A collection of short stories with a cutting edge, Mystery Lights will surprise (and shock) readers. Explore big fears and bigger curiosities in the vein of Carmen Maria Machado and Ottessa Moshfegh.
I can trace the genesis of many of the stories in Mystery Lights back to trips I’ve taken. I wrote “Clean Hunters”—about a ghost-hunting couple—after spending a night in an allegedly haunted inn (I didn’t know it was haunted until after I’d checked in). “Vermilion,” about a mother reckoning with her daughter’s disappearance, was inspired by a hiking trip to the strange and beautiful desert of southeastern Utah. The idea for “Reaper Ranch,” a story set in a (possibly) haunted retirement home, originated after a visit to my grandmother’s independent living facility in Tucson, where I lay awake on a futon one night listening to the eerie sound of her oxygenator’s robotic breathing. Walking alone while on a writing retreat in rural New Mexico, I was followed by a pack of barking, leash-less dogs and escaped thanks to a kind couple who gave me a ride back to where I was staying. That experience, and the fear that came with it, was the seed for “Dogs.”
Travel heightens my attention to my surroundings, forces me to look closer, to perk up and observe in a different way than I do when I’m in familiar territory. It’s for this reason that I always bring a notebook on my journeys. While I don’t keep a journal at home, I try my best to document my trips. Sometimes the details I record make their way into my fiction. Travel also involves a lot of sitting and pondering, gazing out windows of airplanes, trains, and cars. These moments of stillness—verging on boredom—are when my imagination is most fertile.
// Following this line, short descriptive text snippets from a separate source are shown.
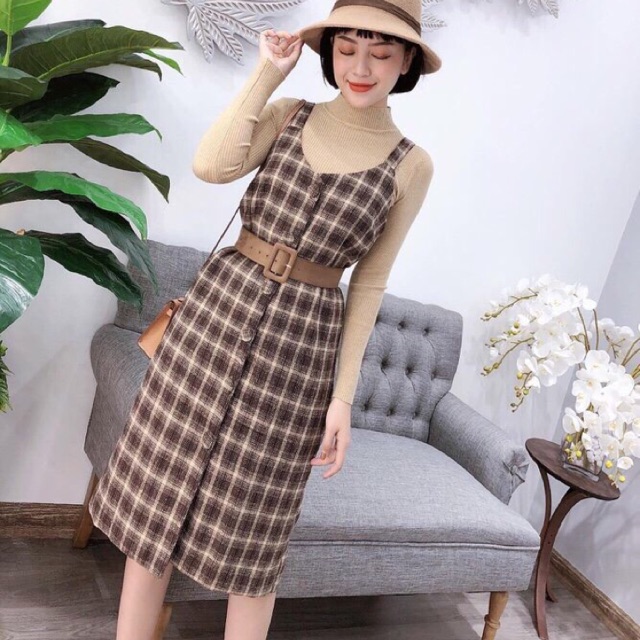 set dạ kèm áo len hàng qc L1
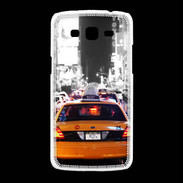 Coque Samsung Galaxy Grand2 Vue d'un taxi à New York PR 10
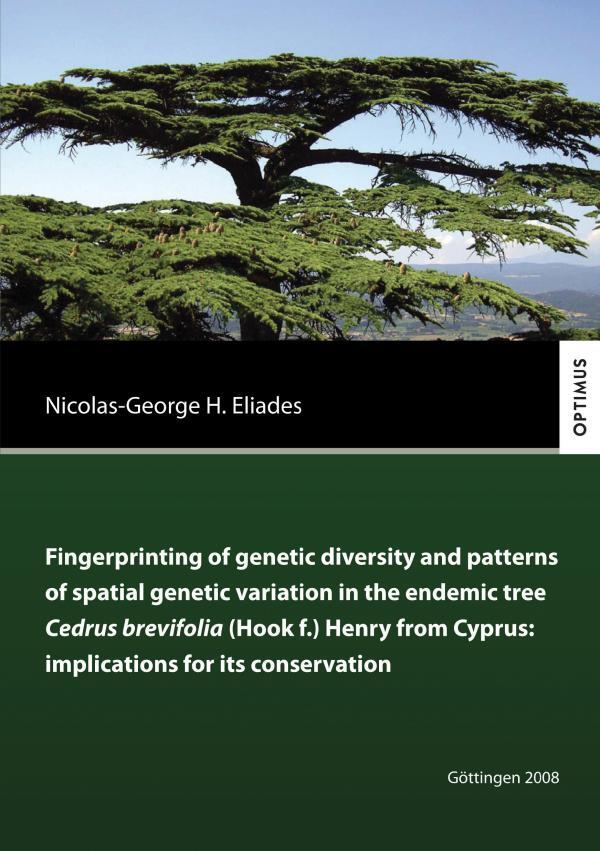 Fingerprinting of genetic divesity and patterns of spatial genetic variation in the endemic tree Cedrus brevifolia (Hook f.) Henry from Cyprus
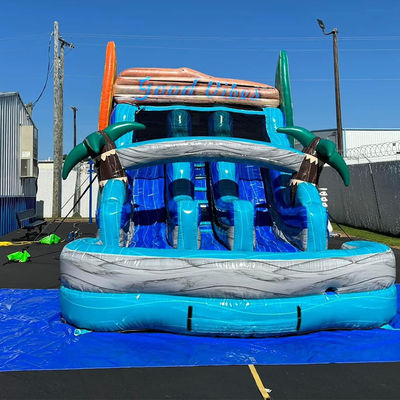 Commercial PVC Surfboard Double Slides Water Slide for Party Rentals Express Shipping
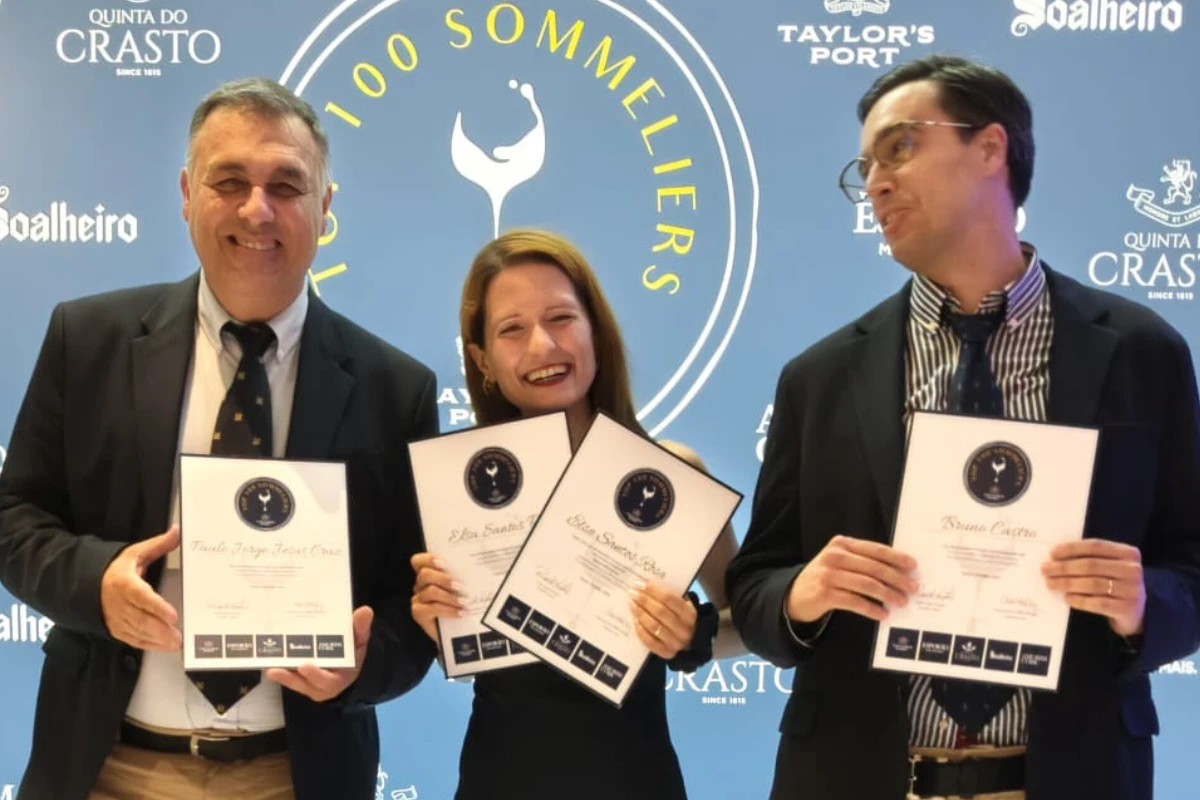Formandos e profissionais do Curso de Escanção da EHTL em destaque no TOP 100 Sommeliers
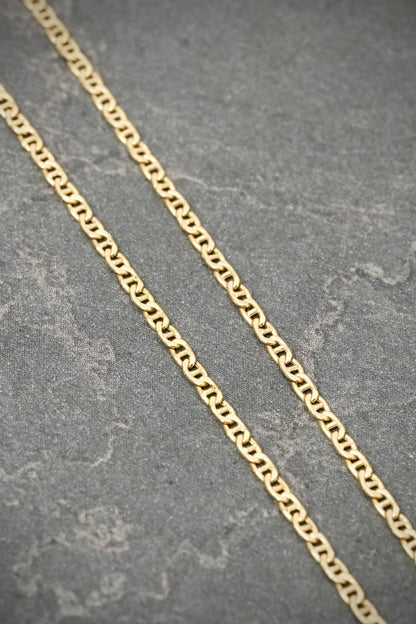Cadena Escalera 1.25gr / 45cm / 1.5mm — Oro Amarillo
The deserts of the Southwest feature prominently in many of the stories of Mystery Lights. The title story was inspired by a road trip through West Texas, where I found the desert landscape to be so rich, so inspiring, that found I wanted to write more about it, particularly through the eyes of women protagonists. I’ve always been a writer whose creativity blossoms under constraint, and once I narrowed my scope in this way, the collection began to take shape.
Publishing a debut book has been an adventure in its own right. Though the stories in Mystery Lights are not autobiographical, it still feels, in a sense, like my notebooks are open for the world to read and judge. It’s an incredibly vulnerable experience, but—when readers connect to the stories—an incredibly rewarding one, as well. I hope that Mystery Lights speaks to you, and perhaps inspires you to bring a notebook along on your next trip. You never know what ideas will surface with a change of setting.